In 2009, two natural gas discoveries, known as “Tamar” and “Dalit”, were made within the area covered by the Michal and Matan Licenses, respectively. In December 2009, the Israeli Petroleum Commissioner granted Noble Energy, Inc. (“Noble”) and its partners, Isramco Negev 2-LP, Delek Drilling, Avner Oil & Gas, and Dor Gas (the “Tamar Consortium”), two leases (the “Leases”). The Leases are scheduled to expire in December 2038 and cover the Tamar and Dalit gas fields (collectively the “Tamar Field”). The Tamar Field is approximately 95 kilometers off the coast of the Israel, in the Israel exclusive economic zone of the Eastern Mediterranean, with a water depth of approximately 1,700 meters. On March 31, 2013 the Tamar Field commenced its initial production of the natural gas.
Since Isramco’s interest in the Tamar Field is an overriding royalty interest, there are no amounts capitalized with respect to Tamar Field.
During the three months ended March 31, 2018, Tamar Field net sales attributable to Isramco amounted to 1,316,631 Mcf of natural gas and 1,669 Bbl of condensate with prices of $5.43 per Mcf and $58.53 per Bbl of condensate. Total revenues net of marketing and transportations expenses were $7,209,000. The Israeli Tax Authority withheld $1,658,000 of this revenue.
During the three months ended March 31, 2017, Tamar Field net sales attributable to Isramco amounted to 1,318,916 Mcf of natural gas and 1,749 Bbl of condensate with prices of $5.36 per Mcf and $46.33 per Bbl of condensate. Total revenues net of marketing and transportations expenses were $7,114,000. The Israeli Tax Authority withheld $1,707,000 of this revenue.

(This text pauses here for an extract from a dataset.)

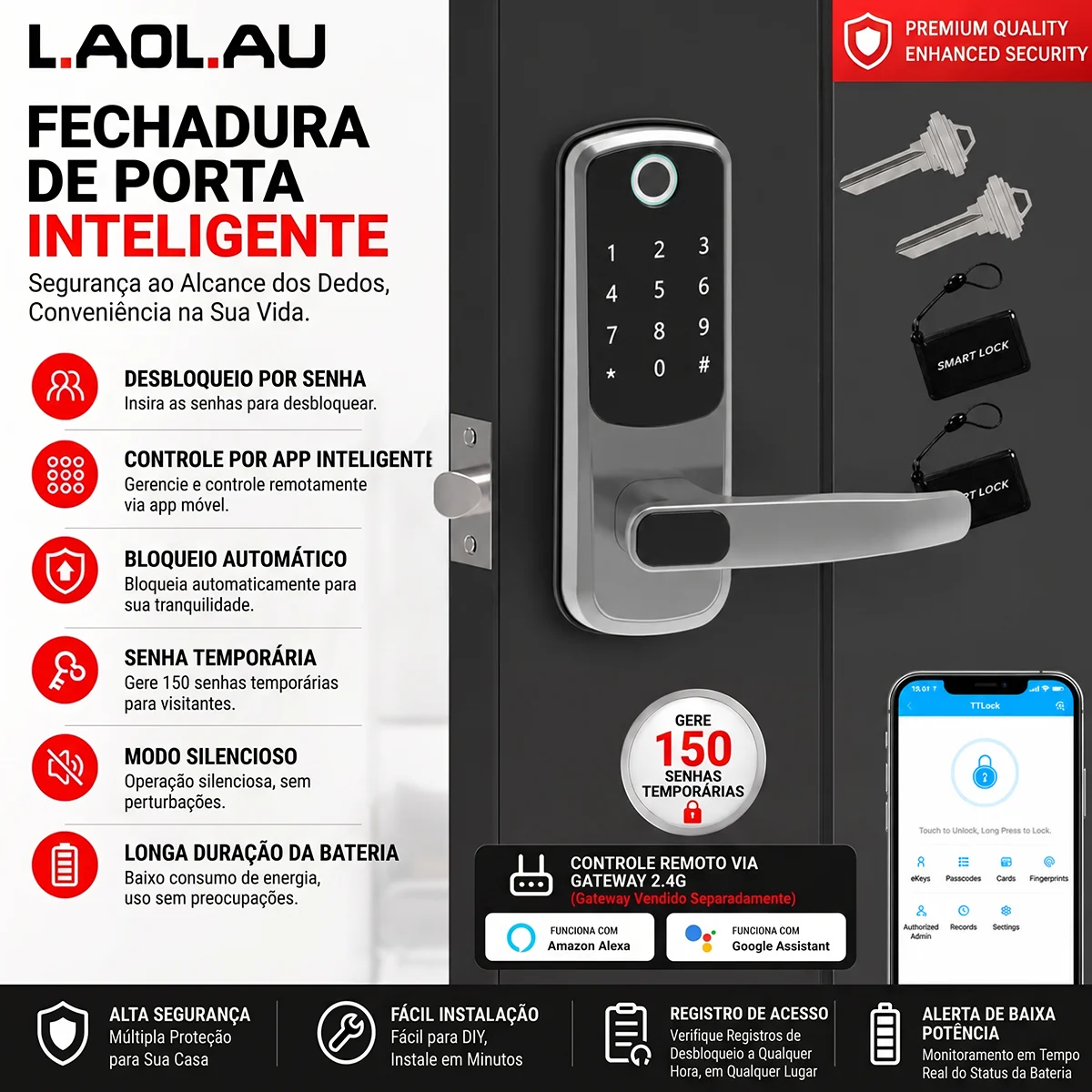 b07-smart-fingerprint-door-lock-app-wifi-control-passcode-ic-card-mechanical-key-auto-lock-easy-installation-electronic-lock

With regard to the payout of the Tamar Field, a disagreement between the Company and Isramco Negev 2 Limited Partnership has emerged as to what costs should be included in the calculation of payout. In addition to actual costs for the development of the Tamar Field, Isramco, Negev 2 Limited Partnership has asserted that the following costs should be included in the calculation of payout: (i) Isramco Negev 2 Limited Partnership’s financing costs; (ii) the general and administrative expenses of Isramco Negev 2 Limited Partnership; (iii) the expected decommissioning costs of the Tamar Field; and (iv) expected future payments to be made in respect of the “Sheshinsky Levy” under Israeli law. In addition to the claim asserted by Isramco Negev 2 Limited Partnership, the Company has asserted counterclaims related to Isramco Negev 2 Limited Partnership’s inclusion into the payout calculation of charges related to gathering and transportation infrastructure. The disagreements primarily stem from the fact that the agreements governing the creation of the Tamar Royalty were formulated in the 1980s and do not have a clear and unequivocal definition as to what costs should be included in the payout calculation. The Company currently believes that the total scope of the claim asserted by Isramco Negev 2 Limited Partnership is approximately forty-five million dollars ($45,000,000) and the counterclaims asserted by the Company have not been quantified. Under the terms of the agreements creating the Tamar Royalty, the dispute is subject to arbitration in Israel. The Company believes that the claims of Isramco Negev 2 Limited Partnership are erroneous and contrary to generally accepted industry practice. The Company expects that the matter will be favorably resolved through this arbitration process; however, the Company cannot be assured of a favorable result in this arbitration process.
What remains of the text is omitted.